■ Task statement ■
Copy all the data exactly, except the pictures.

=== Section Start ===

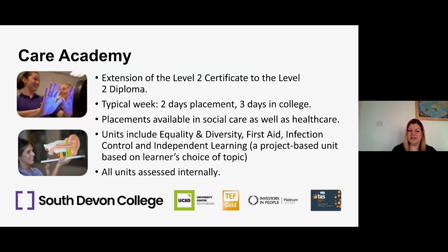There'll be units studied and assessed in year two of this programme covering equality and diversity, first aid knowledge, infection control, and there'll be lots of interesting project-based work where learners can choose topics and work individually and with other learners. All the units for this year of the course are assessed internally, so that's an exciting new option — rather than going straight onto level three or going straight to work, you can join the Care Academy.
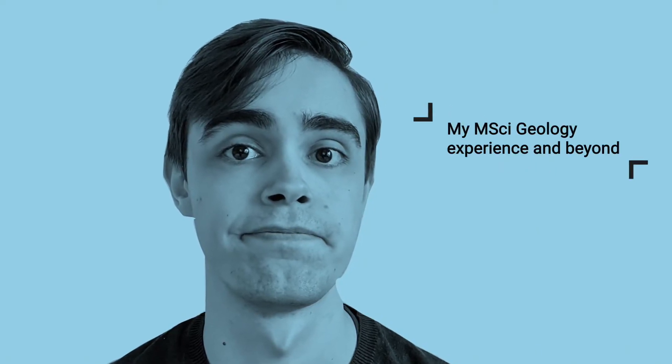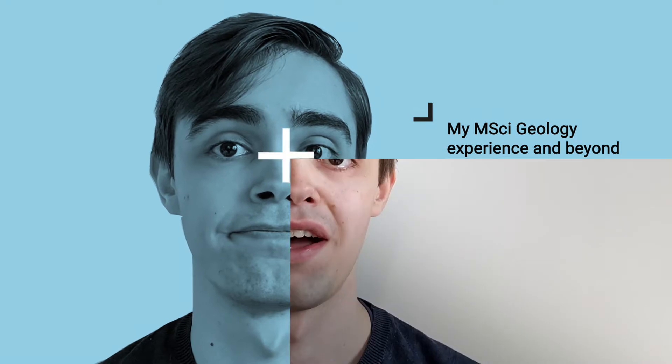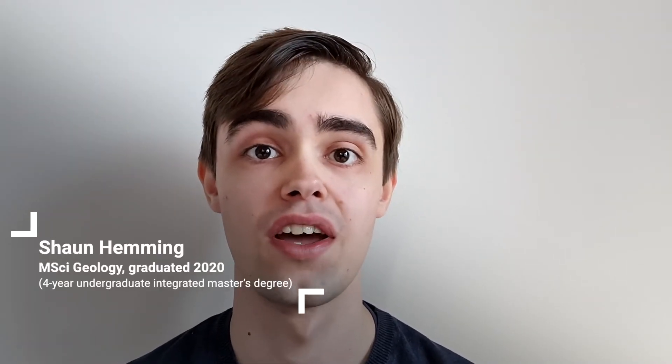My favourite part of the degree was probably the fourth year master's project because I had the opportunity to conduct some original research and make a mark on the forefront of modern science. Hi, I'm Sean. I'm a second year PhD student at the University of Southampton. I recently graduated here with a master's in geology and I'm going to be talking to you about some of the things I got to do as an undergraduate, some of the skills I gained and how it led me to where I am today.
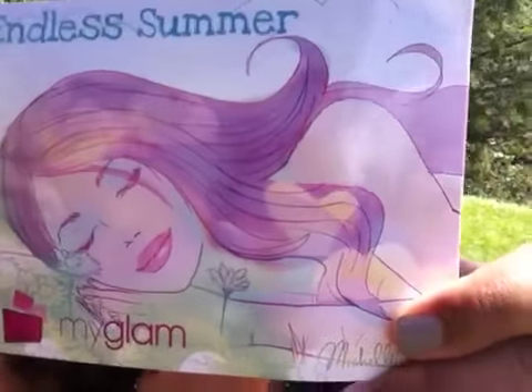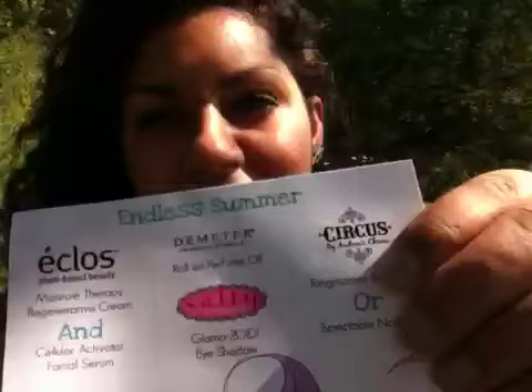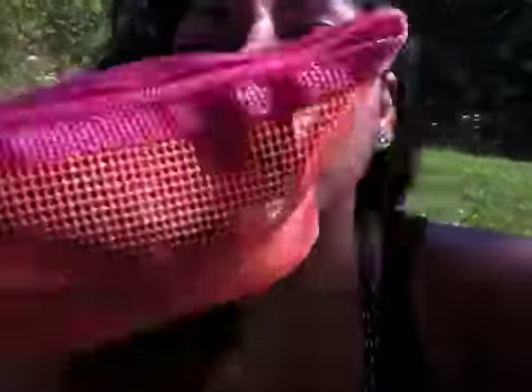The card looks like this, and on the back it has all the information of the products that are in the bag. And the bag looks like this — it is orange with a pink zipper. I totally love this bag.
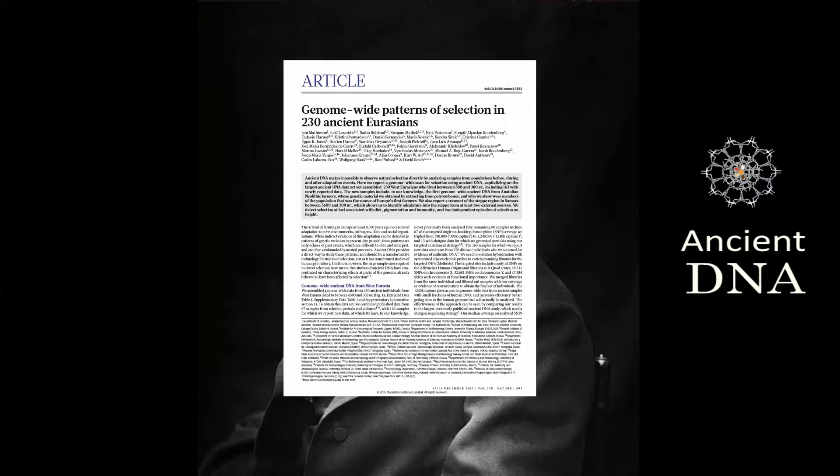This is Sebastian Tomek with an ancient DNA paper review. Natural selection is the differential survival and reproduction of individuals due to genetic differences. The change in heritable traits — characteristics of a population across generations — is the key mechanism of evolution.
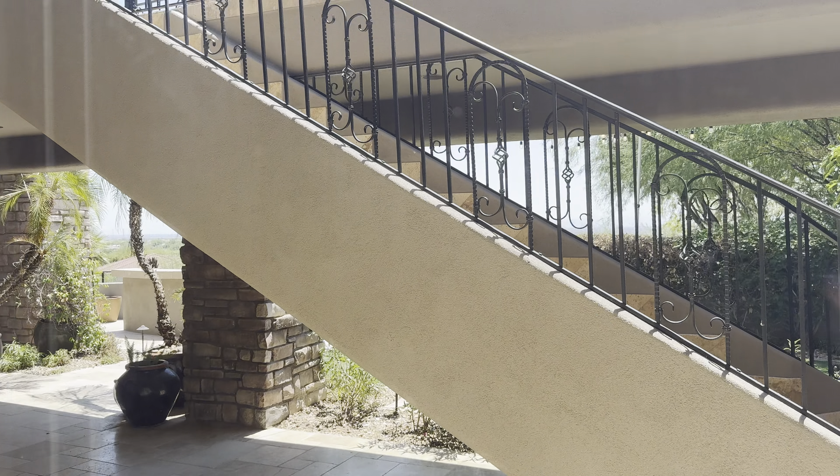And finally, we have the last bedroom with access to outside. Some built-ins for a little office space as well, leading out to the backyard area, of course, where the pool access is.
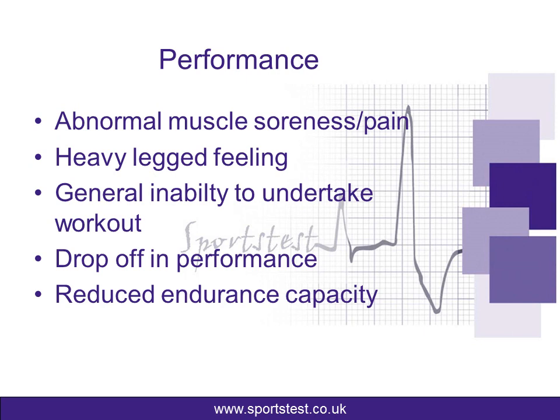Moving on to a performance point of view. An athlete may experience or report abnormal muscle soreness or muscle pain. You'll often get muscle soreness or pain, particularly if you're doing high-intensity training, so we're really looking for pain or soreness that wouldn't be usual for the session or the intensity that you've done. A heavy-legged feeling is quite often reported, or even the general inability to undertake the workout — so a session that you'd normally complete quite happily, you may not be able to achieve. You might not be able to finish the last reps or keep going for as long as you'd expect.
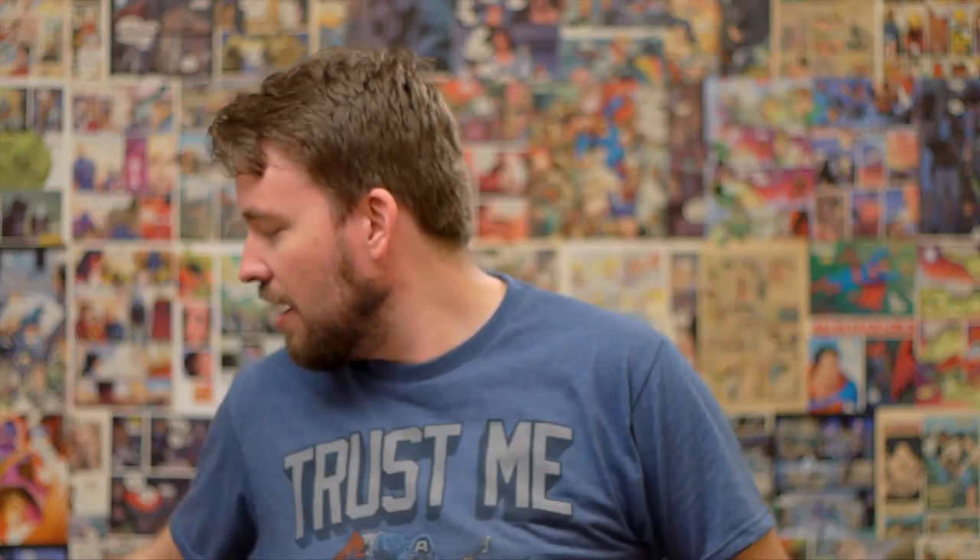Hero Chest did a fantastic job. Thank you Hero Chest for sending me one of these to open on my channel and to show to my fans. Go help them out on Kickstarter — HeroChest.com and the Kickstarter link is in the description. I'm just going to sit here and enjoy my Batman mask, probably wondering how long I'm going to sit here. Hours, while I contemplate crime in Gotham. I'm probably going to sleep in this mask.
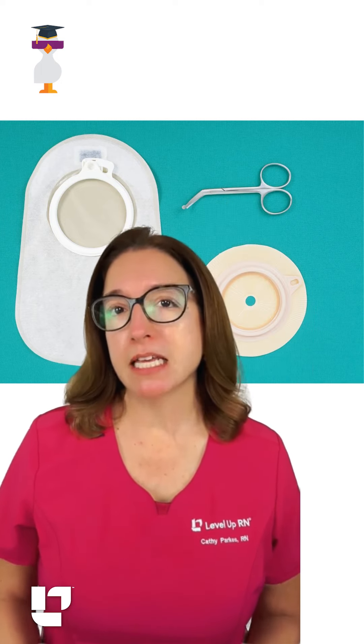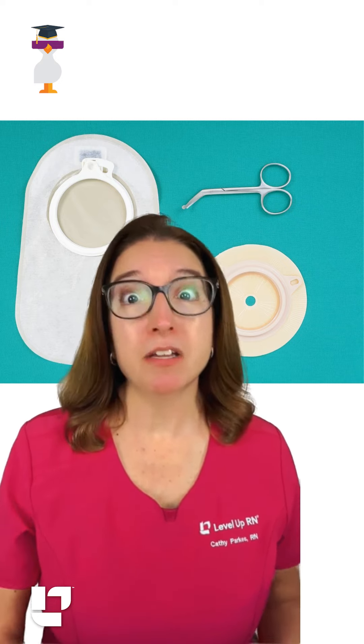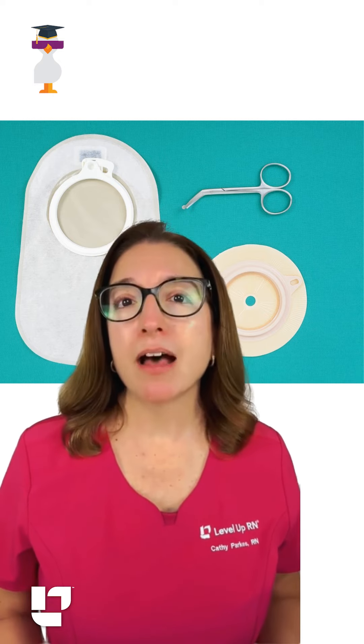An ostomy is a surgical procedure that reroutes part of the intestine through the abdominal wall, forming a stoma. Because many nursing programs don't spend very much time, if any time at all, talking about how to care for a patient's ostomy, many new grad nurses come into the hospital and are scared of their patient's ostomies.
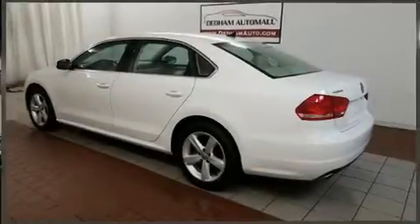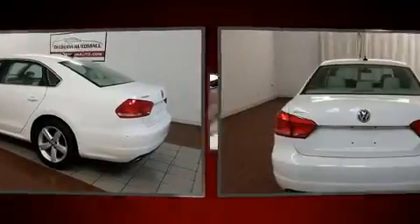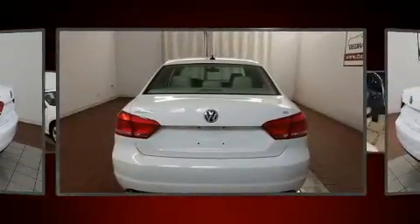Here's a great deal on a 2013 Volkswagen Passat. With less than 40,000 miles on the odometer, this four-door sedan prioritizes comfort, safety, and convenience.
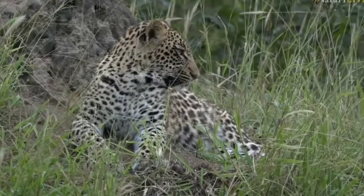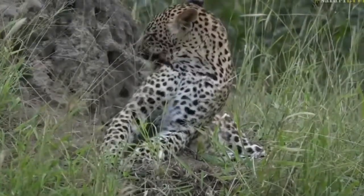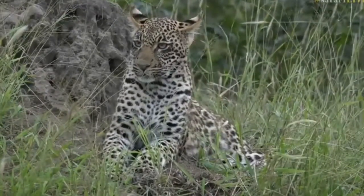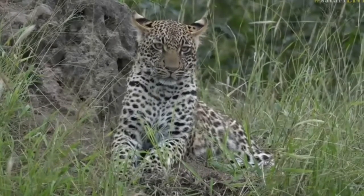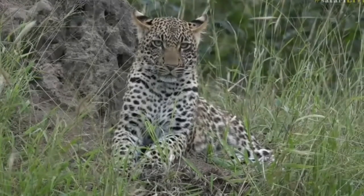It is an exciting challenge. Definitely one of the more challenging things to do. Lions you can probably habituate in three to four months with unhabituated lions. But leopards, being solitary and so heavily reliant on camouflage, does take a lot longer to habituate.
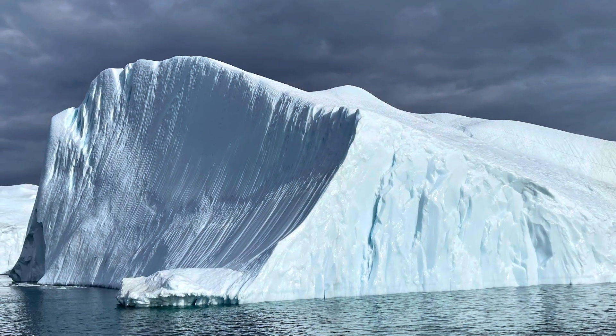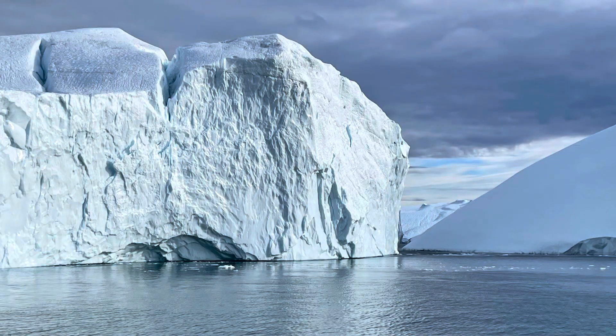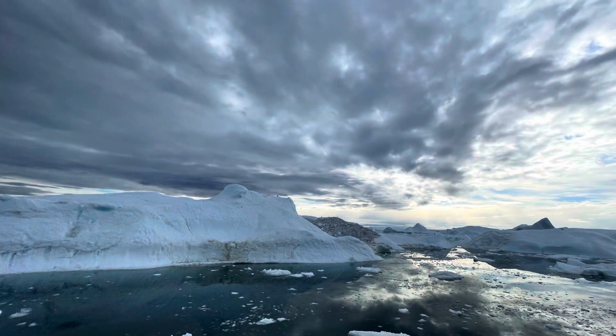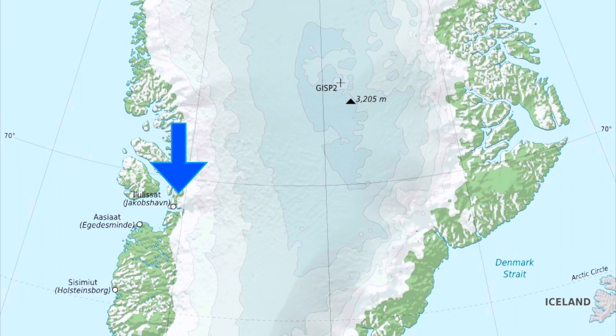These beautiful icebergs can be as much as 300 feet or 100 meters high, but that's just part of the story because the bulk of their mass is below sea level. In total, the icebergs can be 3,000 feet or 1,000 meters thick. Why so thick? They're draining out from the central part of the Greenland ice sheet — the Elulisat Glacier, formerly the Yaakobshavn Glacier, comes right out of the middle of the ice sheet.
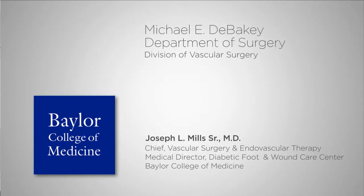I'm Dr. Joe Mills, Professor of Surgery and Chief of the Division of Vascular Surgery and Endovascular Therapy at Baylor College of Medicine. Vascular surgery by definition encompasses treatment and diagnosis of all the blood vessels in the body except those in the brain itself and immediately attached to the heart.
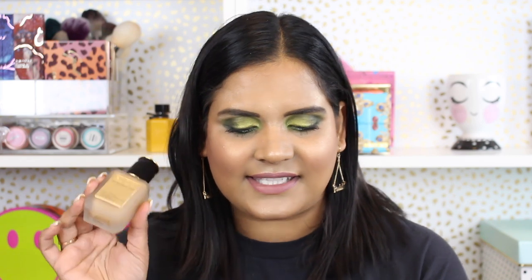Hi guys, welcome back to my channel! As you can tell from the title of this video, I am filming a first impressions on the Pat McGrath Skin Fetish Foundation. I bought the system, which includes the foundation, the primer, the powder, and the two makeup brushes. I paid $250, so there was a little bit of savings.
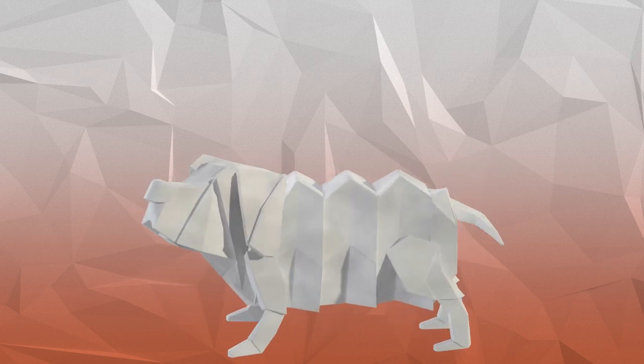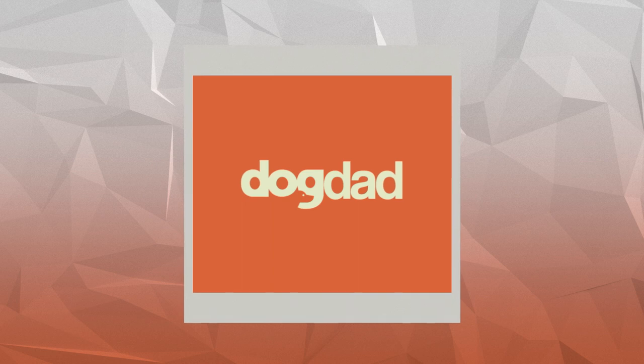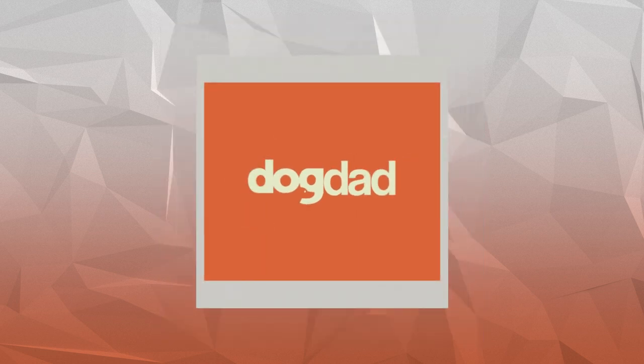What is up, you guys? In this video we are going to be talking about the very best fish for raw feeding. Welcome to the channel, everybody. My name is Scott the Dog Dad, and if this is your first time on the channel, please click that subscribe button so that you don't miss future raw feeding videos.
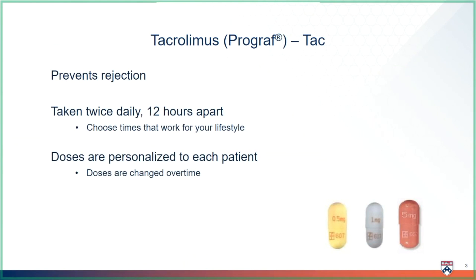The brand name is Prograf, but we most often call this medicine TAC. TAC must be taken every 12 hours. Choose times that work with your lifestyle to make it easier to remember, but be consistent. Doses of tacrolimus are personalized to each patient and are changed over time to make sure you are always on the right amount to keep you safe and healthy.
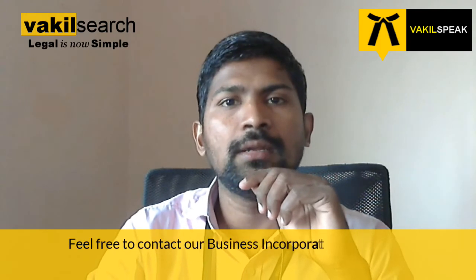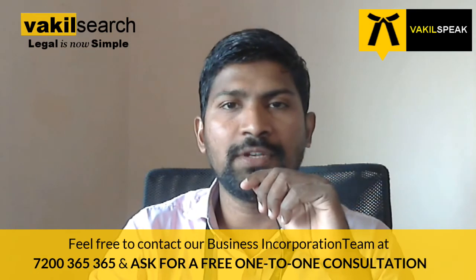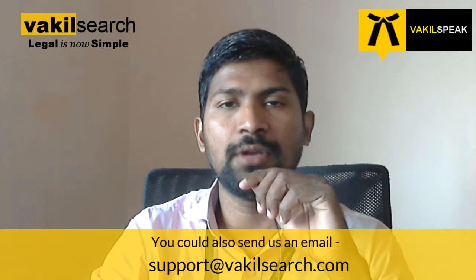I hope now the documents required for your private limited company are clear. Should you have any questions on starting your private limited company or limited liability partnership, please feel free to contact our business incorporation team at 7200-365-365. You can also reach us at support@vakilsearch.com.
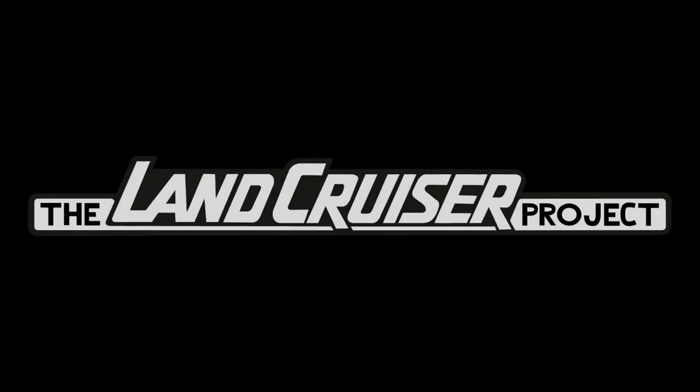Welcome to the Lion Cruiser Project. What we do on this channel, among other things, is review listings from online like Cars and Bids, Bring a Trailer, Craigslist, etc. We're looking at 80 series, 100 series, and 200 series Land Cruisers. The reason we do this is to identify common issues, identify things that sellers aren't disclosing, and better inform you should you be in the market to purchase one of these vehicles.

=== Section End ===

■ Result ■
There'll be units studied and assessed in year two of this programme covering equality and diversity, first aid knowledge, infection control, and there'll be lots of interesting project-based work where learners can choose topics and work individually and with other learners. All the units for this year of the course are assessed internally, so that's an exciting new option — rather than going straight onto level three or going straight to work, you can join the Care Academy.
My favourite part of the degree was probably the fourth year master's project because I had the opportunity to conduct some original research and make a mark on the forefront of modern science. Hi, I'm Sean. I'm a second year PhD student at the University of Southampton. I recently graduated here with a master's in geology and I'm going to be talking to you about some of the things I got to do as an undergraduate, some of the skills I gained and how it led me to where I am today.
The card looks like this, and on the back it has all the information of the products that are in the bag. And the bag looks like this — it is orange with a pink zipper. I totally love this bag.
This is Sebastian Tomek with an ancient DNA paper review. Natural selection is the differential survival and reproduction of individuals due to genetic differences. The change in heritable traits — characteristics of a population across generations — is the key mechanism of evolution.
And finally, we have the last bedroom with access to outside. Some built-ins for a little office space as well, leading out to the backyard area, of course, where the pool access is.
Moving on to a performance point of view. An athlete may experience or report abnormal muscle soreness or muscle pain. You'll often get muscle soreness or pain, particularly if you're doing high-intensity training, so we're really looking for pain or soreness that wouldn't be usual for the session or the intensity that you've done. A heavy-legged feeling is quite often reported, or even the general inability to undertake the workout — so a session that you'd normally complete quite happily, you may not be able to achieve. You might not be able to finish the last reps or keep going for as long as you'd expect.
Hero Chest did a fantastic job. Thank you Hero Chest for sending me one of these to open on my channel and to show to my fans. Go help them out on Kickstarter — HeroChest.com and the Kickstarter link is in the description. I'm just going to sit here and enjoy my Batman mask, probably wondering how long I'm going to sit here. Hours, while I contemplate crime in Gotham. I'm probably going to sleep in this mask.
An ostomy is a surgical procedure that reroutes part of the intestine through the abdominal wall, forming a stoma. Because many nursing programs don't spend very much time, if any time at all, talking about how to care for a patient's ostomy, many new grad nurses come into the hospital and are scared of their patient's ostomies.
Here's a great deal on a 2013 Volkswagen Passat. With less than 40,000 miles on the odometer, this four-door sedan prioritizes comfort, safety, and convenience.
It is an exciting challenge. Definitely one of the more challenging things to do. Lions you can probably habituate in three to four months with unhabituated lions. But leopards, being solitary and so heavily reliant on camouflage, does take a lot longer to habituate.
These beautiful icebergs can be as much as 300 feet or 100 meters high, but that's just part of the story because the bulk of their mass is below sea level. In total, the icebergs can be 3,000 feet or 1,000 meters thick. Why so thick? They're draining out from the central part of the Greenland ice sheet — the Elulisat Glacier, formerly the Yaakobshavn Glacier, comes right out of the middle of the ice sheet.
I'm Dr. Joe Mills, Professor of Surgery and Chief of the Division of Vascular Surgery and Endovascular Therapy at Baylor College of Medicine. Vascular surgery by definition encompasses treatment and diagnosis of all the blood vessels in the body except those in the brain itself and immediately attached to the heart.
Hi guys, welcome back to my channel! As you can tell from the title of this video, I am filming a first impressions on the Pat McGrath Skin Fetish Foundation. I bought the system, which includes the foundation, the primer, the powder, and the two makeup brushes. I paid $250, so there was a little bit of savings.
What is up, you guys? In this video we are going to be talking about the very best fish for raw feeding. Welcome to the channel, everybody. My name is Scott the Dog Dad, and if this is your first time on the channel, please click that subscribe button so that you don't miss future raw feeding videos.
The brand name is Prograf, but we most often call this medicine TAC. TAC must be taken every 12 hours. Choose times that work with your lifestyle to make it easier to remember, but be consistent. Doses of tacrolimus are personalized to each patient and are changed over time to make sure you are always on the right amount to keep you safe and healthy.
I hope now the documents required for your private limited company are clear. Should you have any questions on starting your private limited company or limited liability partnership, please feel free to contact our business incorporation team at 7200-365-365. You can also reach us at support@vakilsearch.com.
Welcome to the Lion Cruiser Project. What we do on this channel, among other things, is review listings from online like Cars and Bids, Bring a Trailer, Craigslist, etc. We're looking at 80 series, 100 series, and 200 series Land Cruisers. The reason we do this is to identify common issues, identify things that sellers aren't disclosing, and better inform you should you be in the market to purchase one of these vehicles.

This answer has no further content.